Today, if the covariates $\mathbf{x}$ are continuous, we'll assume they are Gaussian. If they are discrete, we'll use Naive Bayes. Today we'll also assume a Bernoulli class prior.
To find the MLE of some parameters $\mathbf{w}$, first we can apply the chain rule:
$$ \operatorname*{argmax}_{\mathbf{w}} \prod_n p(\mathbf{x}_n, y_n | \mathbf{w}) = \operatorname*{argmax}_{\mathbf{w}} \prod_n p(\mathbf{x}_n | y_n, \mathbf{w}) p(y_n | \mathbf{w})$$
Transforming the likelihood into the negative log-likelihood and applying log rules,
$$ \operatorname*{argmin}_{\mathbf{w}} - \sum_n \ln [p(\mathbf{x}_n | y_n, \mathbf{w})] - \sum_n \ln [p(y_n | \mathbf{w})]$$
To predict labels $y$ for covariates $\mathbf{x}$, we use Bayes' Rule:
$$ p(y = 1 | \mathbf{x}) \propto p(y = 1) p(\mathbf{x} | y=1)$$
Class Prior
Today, we'll model our class prior as a Benoulli random variable with probability $\theta$. Therefore
$$p(y) = \theta^y (1 - \theta)^{(1 - y)}$$
If you take $\frac{d\mathcal{L(\theta)}}{d\theta}$, then you'll find that the MLE $\theta^*$ of $\theta$ is:
$$ \theta^* = \frac{\sum_n y_n}{N}$$
Class conditional with continuous $\mathbf{x}$
Say that covariates $\mathbf{x}$ are continuous. Today, let's assume that covariates are distributed as Gaussian, where the parameters of $\mathbf{x}$'s distribution differ depending on $\mathbf{x}$'s true label $y$:
$$\mathbf{x} | y = 0 \sim \mathcal{N}(\mathbf{\mu}_0, \mathbf{\Sigma}_0)$$
$$\mathbf{x} | y = 1 \sim \mathcal{N}(\mathbf{\mu}_1, \mathbf{\Sigma}_1)$$
$$\mathbf{w} = \{ \mathbf{\mu}_0, \mathbf{\Sigma}_0, \mathbf{\mu}_1, \mathbf{\Sigma}_1\} $$
Intuitively, you should think of the training data $\{(\mathbf{x}_n, y_n)\}_{n = 1}^N$ as being in two piles, one for each class.
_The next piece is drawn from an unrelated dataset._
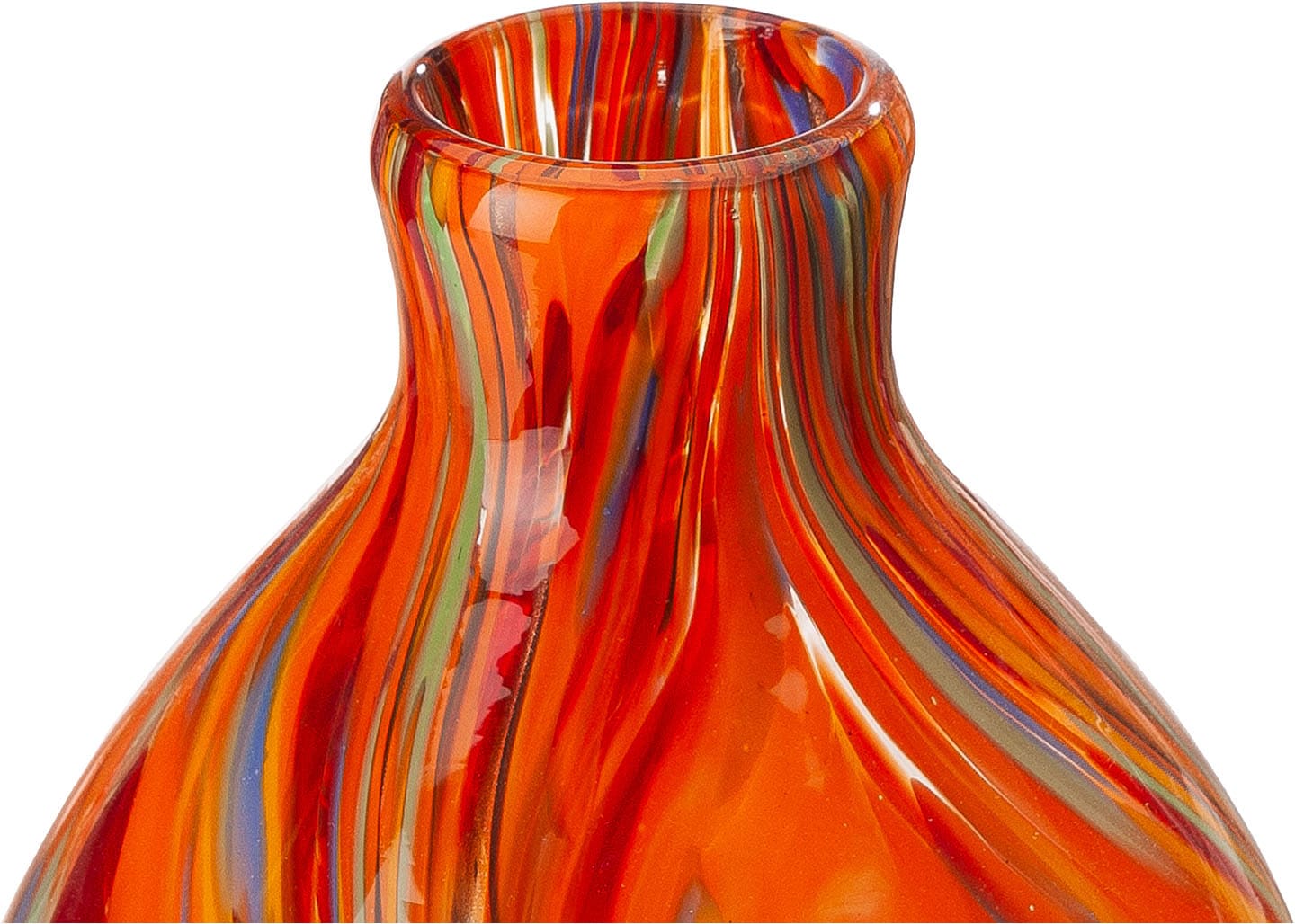 GILDE Vase de table »Vase Dream orange«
For class $0$, we use all of the data points $(\mathbf{x}_n, y_n)$ where $y_n = 0$. From these data points, we estimate $\mathbf{\mu}_0$, $\mathbf{\Sigma}_0$ for the negative class.
Similarly, we estimate $\mathbf{\mu}_1, \mathbf{\Sigma}_1$ for class $1$ using the data points with $y_n = 1$.
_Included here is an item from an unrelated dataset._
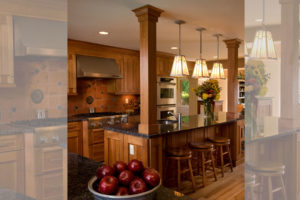 Craftsman style kitchen design for a chef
For example, when you derive the maximum likelihood estimate for parameter $\mathbf{\mu}_0$, you find that
$$\hat{\mathbf{\mu}_0} =\frac{1}{N_0} \sum_{n: y_n = 0} \mathbf{x}_n$$
where $N_0$ is the total number of examples with label $0$. Intuitively, the MLE of the mean $\mathbf{\mu}_0$ for class $0$ is the empirical average of the covariates for all of the training data points in class $0$.
We strongly encourage you to attend section to learn more about the shape of decision boundaries learned by Gaussian generative models. If the class-conditional distributions have the same covariance matrix, then the learned decision boundaries will be linear. Otherwise, they will be quadratic.
The decision boundary for our generative model is:
\begin{equation}
\hat{y} =\left\{
\begin{array}{@{}ll@{}}
1, & \text{if}\ p(y = 1)p(\mathbf{x} | y = 1) > p(y = 0) p(\mathbf{x} | y = 0) \\
0, & \text{otherwise}
\end{array}\right.
\end{equation}
Class-conditional with discrete $\mathbf{x}$ (Naive Bayes)
Now we will consider the case where discrete data $x_d$ takes on one of $J$ values, $\{1, ..., J\}$. For example, data $x_d$ may be hair color. If there are $10$ hair colors, then $J = 10$.
The Naive Bayes assumption is that each dimension of data $\mathbf{x}$ is independent, conditioned on the class:
$$ p(\mathbf{x} | y = 1) = \prod_d p(x_d | y = 1)$$
Conditioned on class $y$, we sample hair color independently of other features (such as height).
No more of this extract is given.